[MATERIAL SHOWN]:
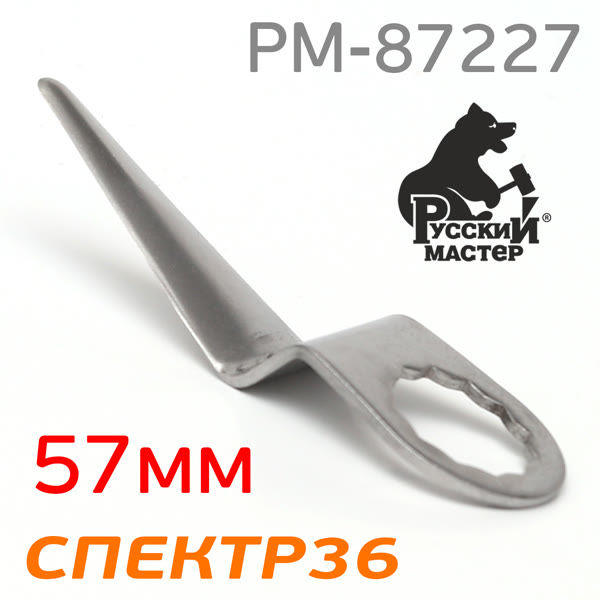 Лезвие для пневмоножа 57мм РМ-87227 (Z-тип) нож сменный Русский Мастер фото №2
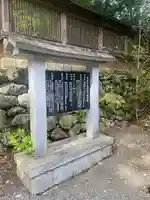丹生川上神社(下社)(奈良県)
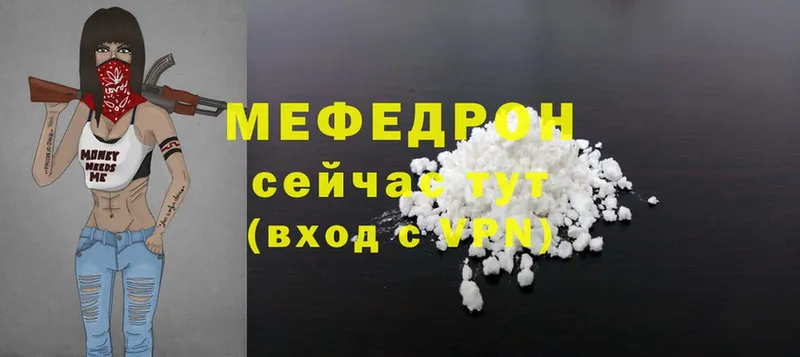 наркошоп  Лесозаводск  МЕФ mephedrone 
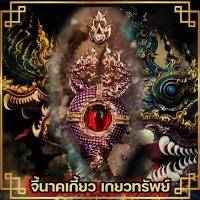 ราคา นาคเกี้ยวรุ่นเกี่ยวรักเกี่ยวทรัพย์ บารมีนาคาเมตตา มหา นิยม เพิ่มพลังการดึงดูดน่าค้นหา สมหวังเรื่องความรัก (10433956364)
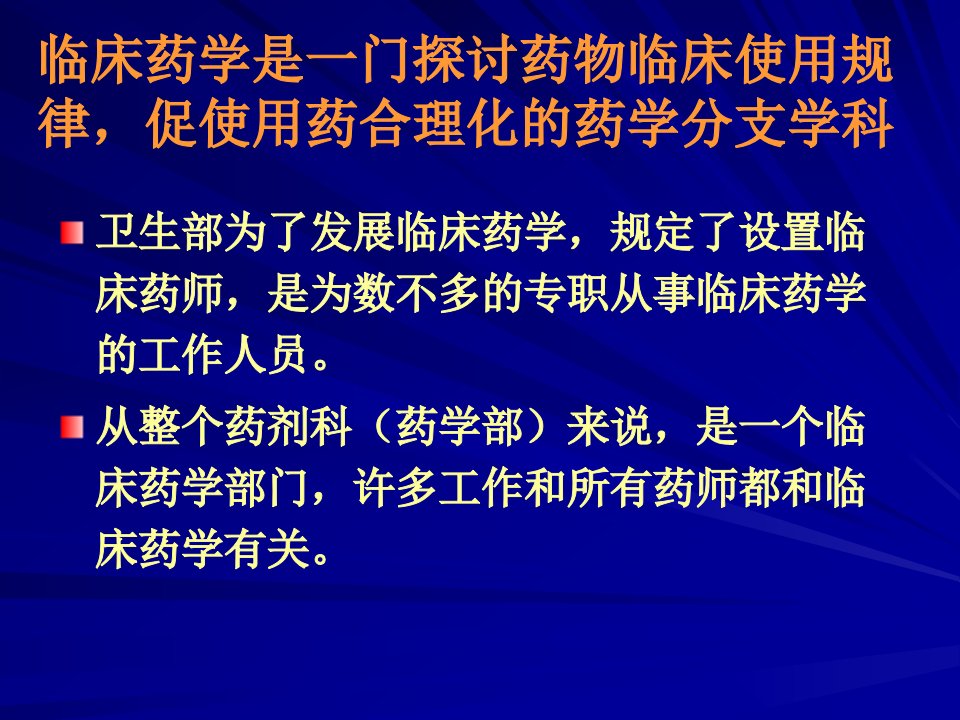 临床药学与药师的学习提高课件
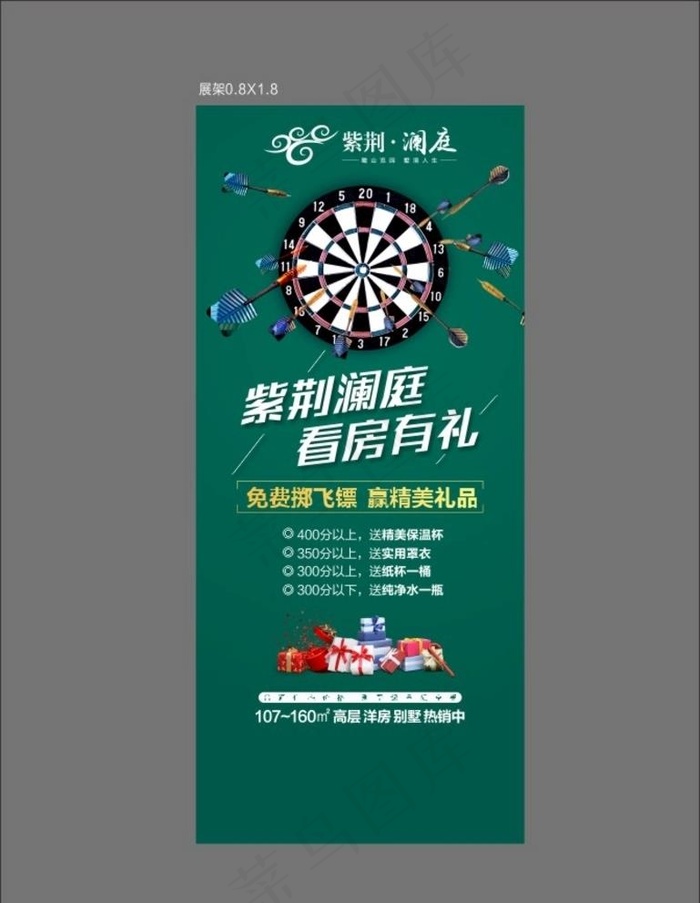 飞镖图片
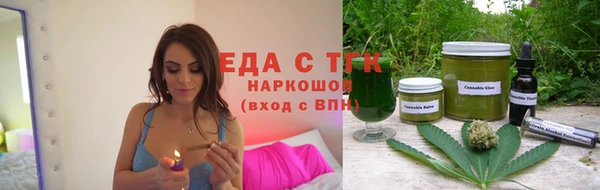 амф Наволоки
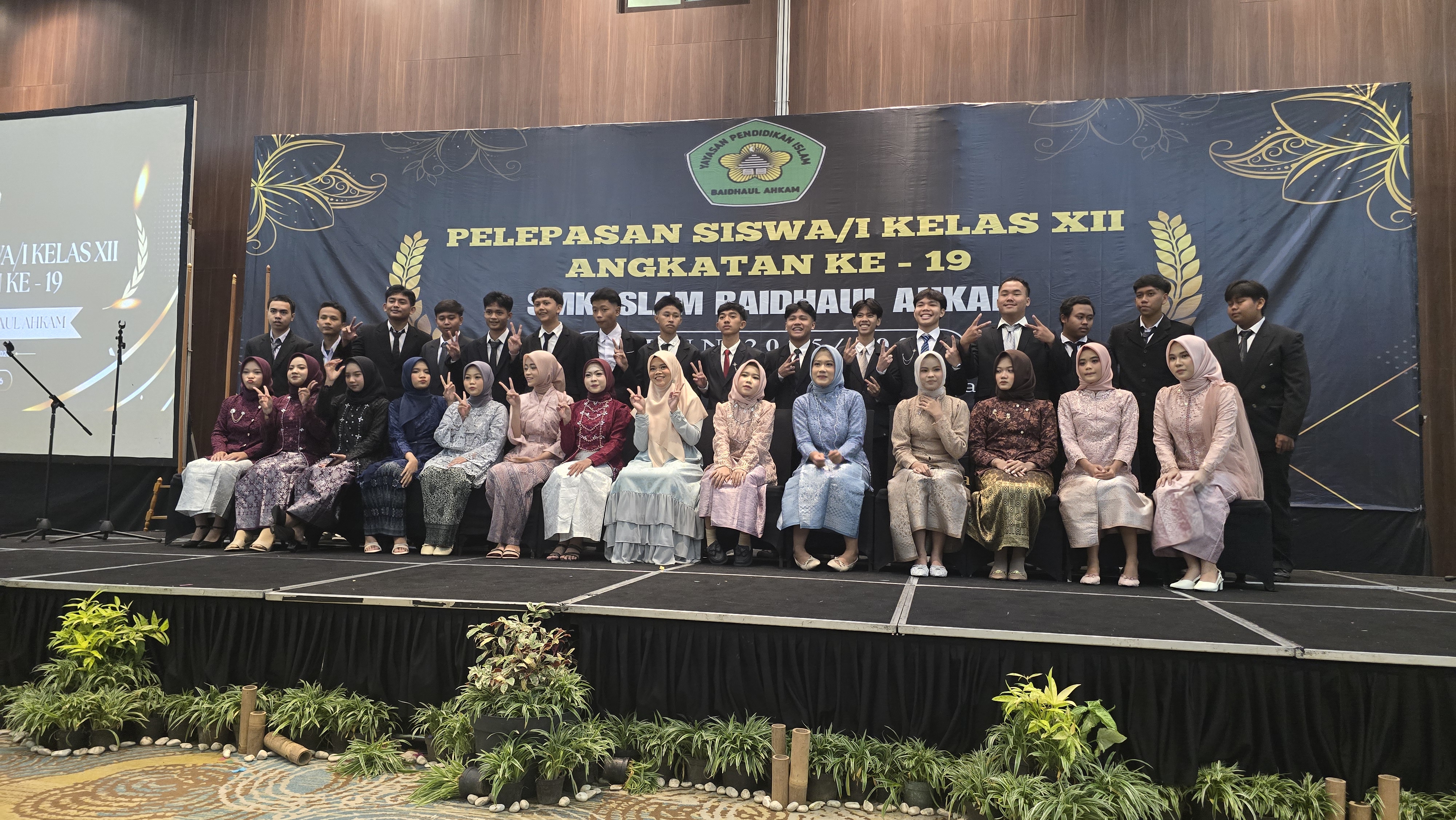 Rapat Awal Tahun Yayasan Pendidikan Islam Baidhaul Ahkam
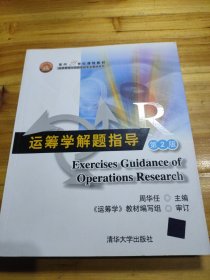 面向21世纪课程教材·信息管理与信息系统专业教材系列：运筹学解题指导（第2版）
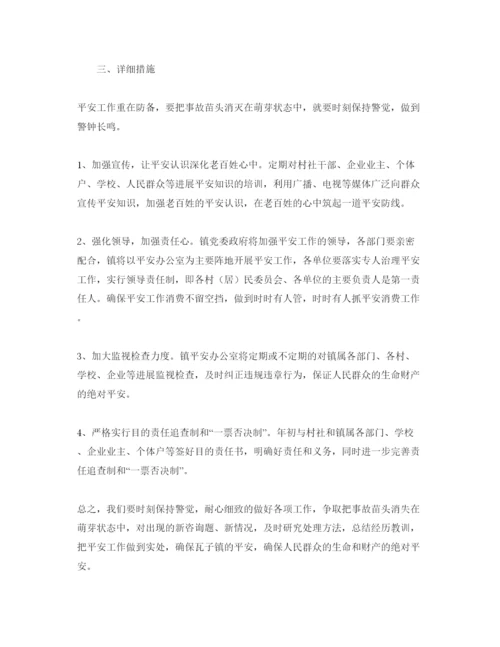精编农村安全工作参考计划范文.docx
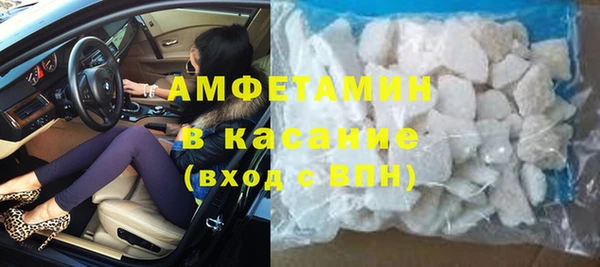марки lsd Новодвинск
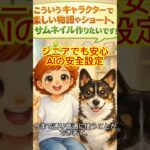シニアでもわかる！ChatGPTを安心して使うための簡単設定と3つの注意点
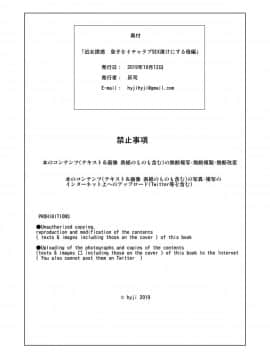 [灰司] 近女誘惑 息子をイチャラブSEX漬けにする母 編_49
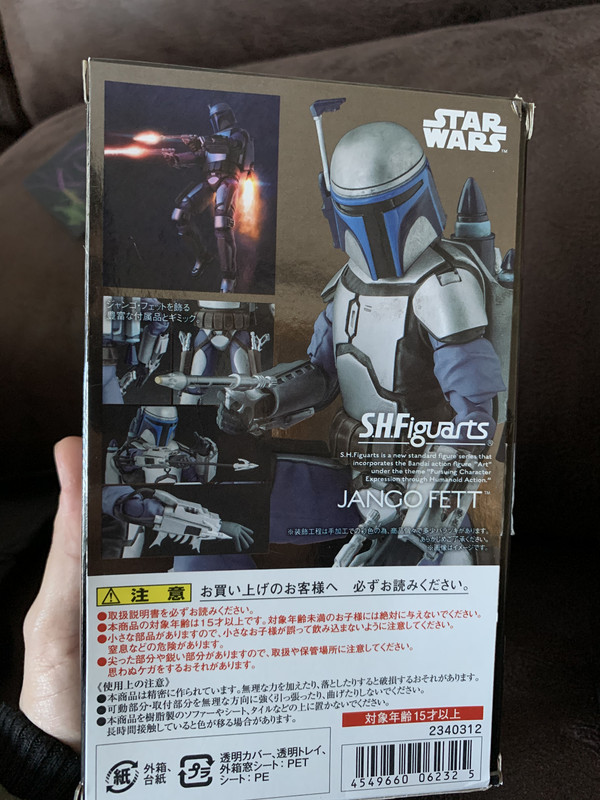 CA54C516-23F3-40A8-86BD-817F6546451F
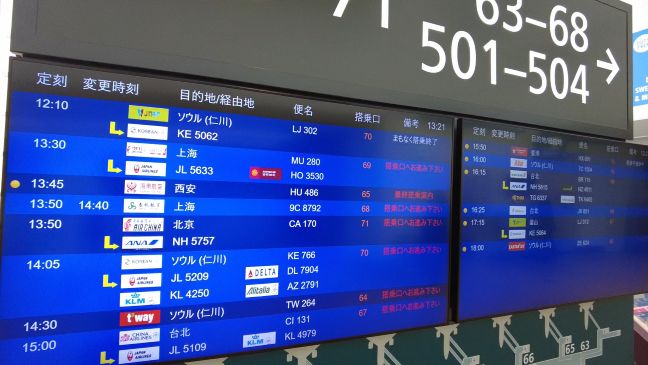 新千歳空港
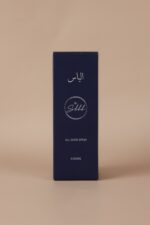 الياس All Over Spray - Image 3
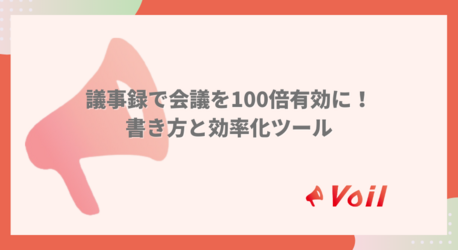 タイプ別おすすめ
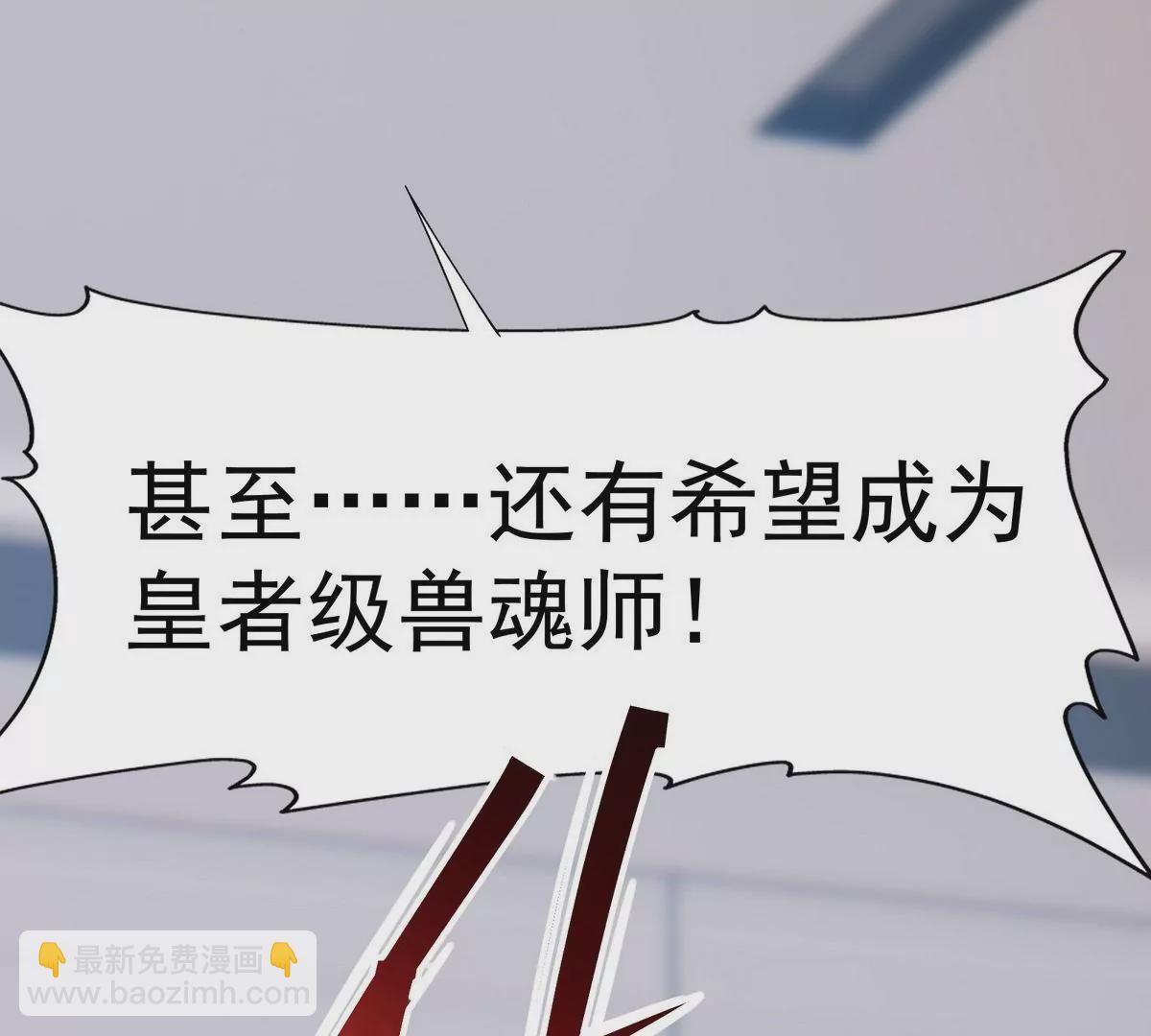 第6话 通关！无可抵挡的林渊！81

[PROMPT]: The lines to copy begin at the one containing "[灰司] 近女誘惑 息子をイチャラブSEX漬けにする母 編_49" and end at the last line of the records. Set down exactly those lines and no others, both ends included, and omit all pictures.

[TASK RESULT]:
 [灰司] 近女誘惑 息子をイチャラブSEX漬けにする母 編_49
 CA54C516-23F3-40A8-86BD-817F6546451F
 新千歳空港
 الياس All Over Spray - Image 3
 タイプ別おすすめ
 第6话 通关！无可抵挡的林渊！81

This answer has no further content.